The Traveling Salesman Problem under squared Euclidean distances

03/04/2010

As is well-known, the traveling salesman has the difficult task to visit a given set of cities on a shortest round-trip. At the conference STACS'10 in Nancy, Alexander Wolff gave a talk on new results for the case that the cities have so-called squared Euclidean distances.

In case the cities correspond to points in the (Euclidean) plane and their distances correspond to "normal" (Euclidean) distances, a shortest round-trip can be approximated arbitrarily well thanks to the ground-breaking result of Sanjeev Arora.  The top half of the figure on the right shows a very simple point set and (in light blue) the resulting shortest round-trip with respect to Euclidean distances.

In the context of wireless ad-hoc networks, squared Euclidean distances have been investigated a lot because they better reflect the energy consumption in wireless communication.  With colleagues from the Netherlands, Alexander Wolff considered the famous traveling salesman problem with respect to these distances. In the bottom half of the figure on the right, a shortest round-trip with respect to squared Euclidean distances is indicated by the orange curve.

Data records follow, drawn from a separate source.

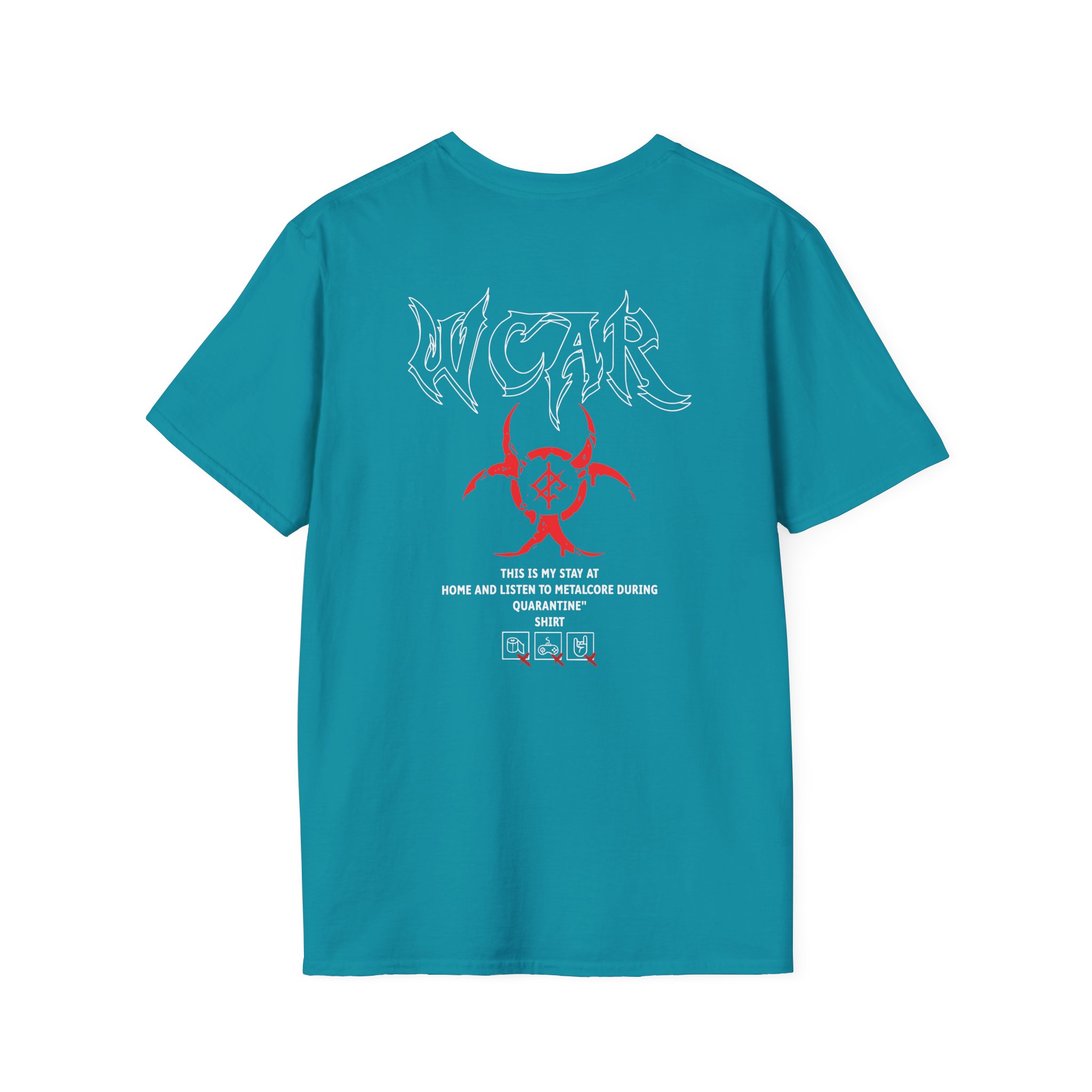 We Came as Romans Unisex Softstyle T-Shirt - Image 20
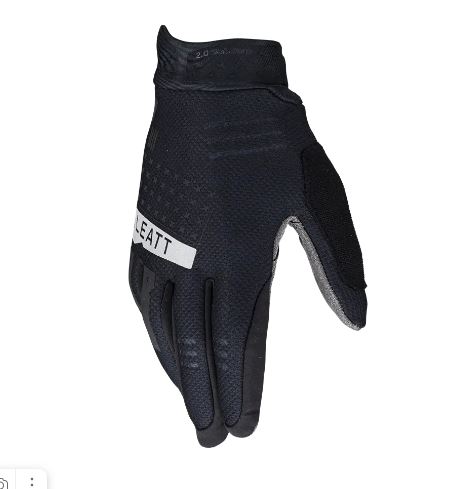 Велоперчатки Leatt MTB 2.0 SubZero (Black, XL, 2024 (6024150273))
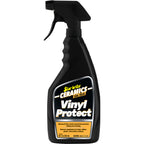 Star brite Ceramics Vinyl Protect Piña Colada scent 22 oz spray bottle for vinyl rubber plastic and leather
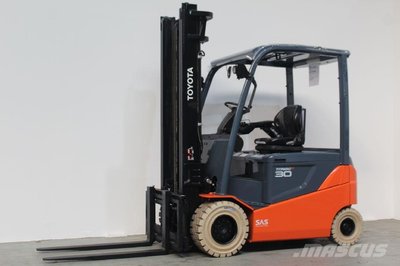 Toyota 8FBMKT30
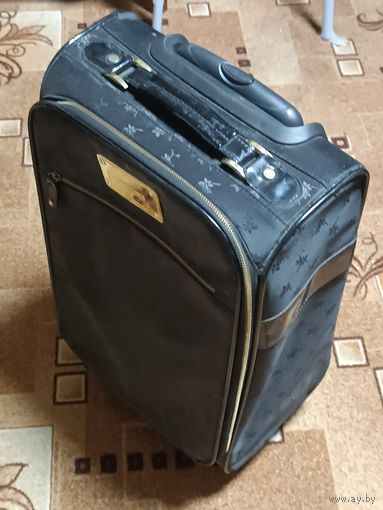 Сумка чемодан дорожная на колесах 33/55/15см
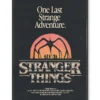 Stranger Things Posterset Season 5 (3er Set #2)
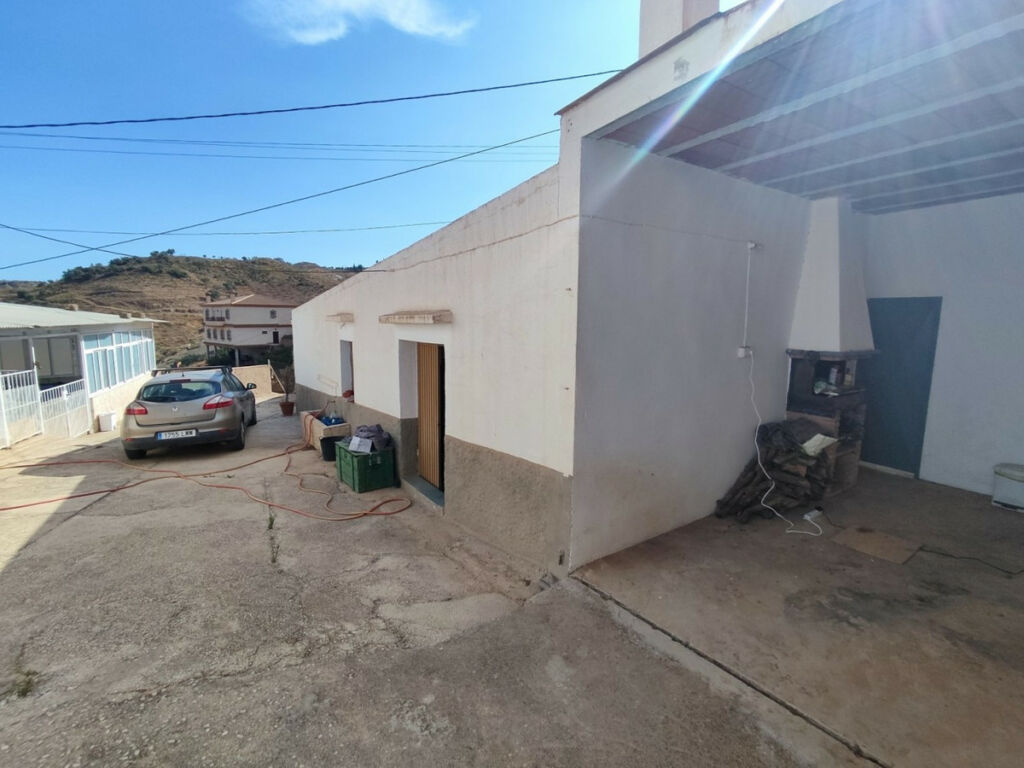 Detached Villa La Viñuela Málaga - imagen 34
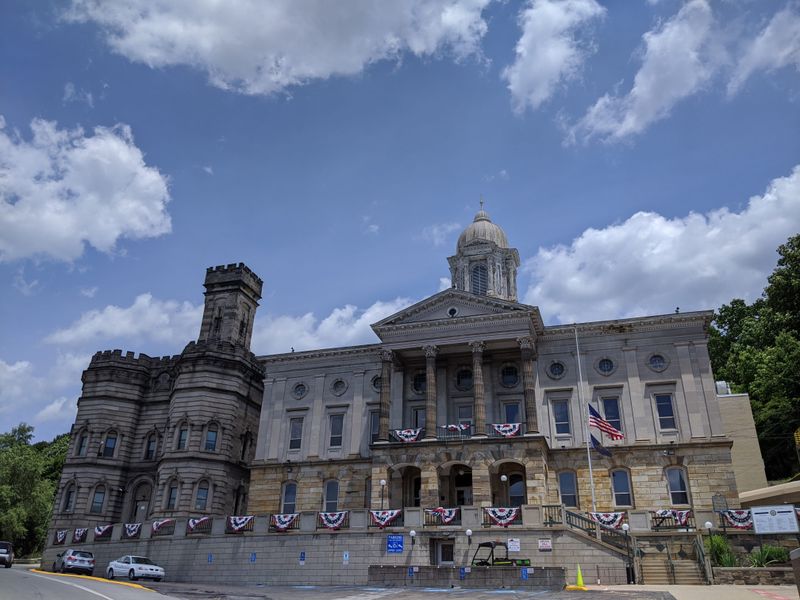 Historic Sites That Tell Kittanning's Story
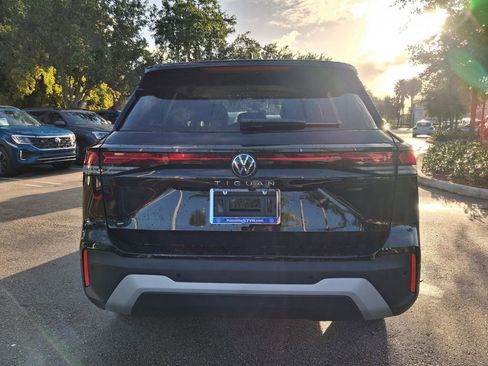 New 2026 Volkswagen Tiguan S FWD image 4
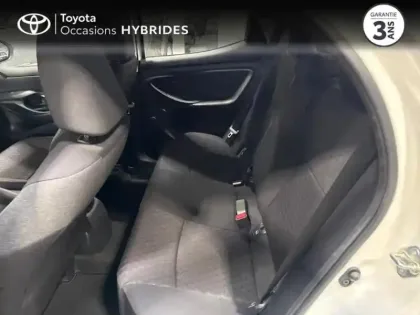 Photo 5 Toyota Yaris  120 VVT-i Dynamic 5p MY22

The main result of the conference contribution is an efficient algorithm that computes for any set of points in the plane a round-trip whose length (measured in the squared Euclidean sense) is at most 5 times as long as a shortest round-trip.  So far, the best algorithm guaranteed a bound of 6 times the length of a shortest round-trip.

More information can be found in the slides of his talk and in the conference article (joint work with Mark de Berg, Fred van Nijnatten, René Sitters, and Gerhard Woeginger).